As time went on, I became the mother to three “preacher’s kids” which knocked down another one of my “nevers.”  “I’ll never be one of those mothers who yell at her kids in public.”  We’ve all been in Wal Mart and heard a mother yelling at her kids to shut up or come here.  I bet we have all shaken our heads and said, “I can’t believe that woman is so mean to her children.  I would never treat my child that way.  There should be a law!”  I’m glad there’s not.  When Josh was in middle school, I took him to Old Navy to buy clothes.  The operative words here are “middle school.”  He was being particularly stubborn that day and uncooperative but he really needed clothes and I was determined we were going to find him something.  I had a stack of jeans, jogging pants, and shirts piled high in my arms trying to find something that would please him.  He absolutely refused to try on anything I found.  There we stood in the middle of the boy’s department of Old Navy, and I lost it.  That huge stack of clothes went flying at Josh – “fine, you put these clothes back on the racks.  We are going home!”  Just as the clothes went flying and the words flew out of my mouth, one of our church members walked by.  She taught me a big lesson that day.  She just shook her head, laughed, and said, “I have a middle school boy as well.  Good luck to you.”  What I learned that day was never to judge someone by their worst moment.  Most of us are never as good or as bad as others might think we are.  We are imperfect people just trying to navigate our way through this world as faithfully as we can.
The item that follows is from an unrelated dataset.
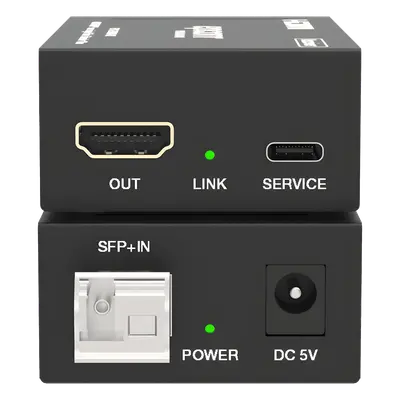 Extensor HDMI sobre Fibra Óptica / 4K2K@60Hz / 4:4:4 / 18 Gbps / Monomodo LC / 10 km (32,808 ft) / HDCP 2.2 / HDR10+ Dolby Vision / Audio 7.1CH - Imagen 4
Let me share one more “never” that life knocked down.  This is the most recent and the most personal.  “I’ll never go to church again.”  No, those words weren’t uttered by the ten-year-old me.  They were uttered by the fifty-year-old me.  Friends at church had hurt me desperately.  My mind and heart couldn’t wrap themselves around the pain, and I truly didn’t think I could ever walk through the doors of a church again.  Then, the phone rang.  A gentleman named David was calling to ask my husband if he could help their church during an interim.  Dee agreed to talk to him, and two weeks later I found myself walking through the doors of the Parisview Baptist Church in Greenville.  Inside those doors, I found kindhearted people who took it as their mission to love me, my husband, and our children and to remind us that God still had work for us to do, people for us to serve, people for us to love, and people to love us.  The retired pastor emeritus of that church told me one day that he knew how hurt Dee and I had been by all that transpired.  He then quoted the words Joseph spoke to his brothers who had sold him into slavery.  “You intended to harm me, but God intended it for good.”  He said to me, “We needed you and God sent you to us.  He has used you to bless our church.”  I experienced healing that day.  I was reminded of what I should have known – that God always wants to bring good things into our lives, He always has works of service for us to do if we will do them, and He always loves us.  Some months later, in God’s time, our phone rang again.  “Dee, this is Al Walker.  I am the chairman of the search committee at St. Andrews Baptist Church and we were wondering if you would be willing to have a conversation with us.”  God brought us here to St. Andrews, he gave us a place to serve Him, people with whom to serve him, people for us to love, and people to love us.  Dee and I thank God every day for you and pray that he will allow us to bless you just a fraction of how you have blessed us.  When God knocks down a never, a great blessing appears on the other side.  May that be true for you, as it has been for me.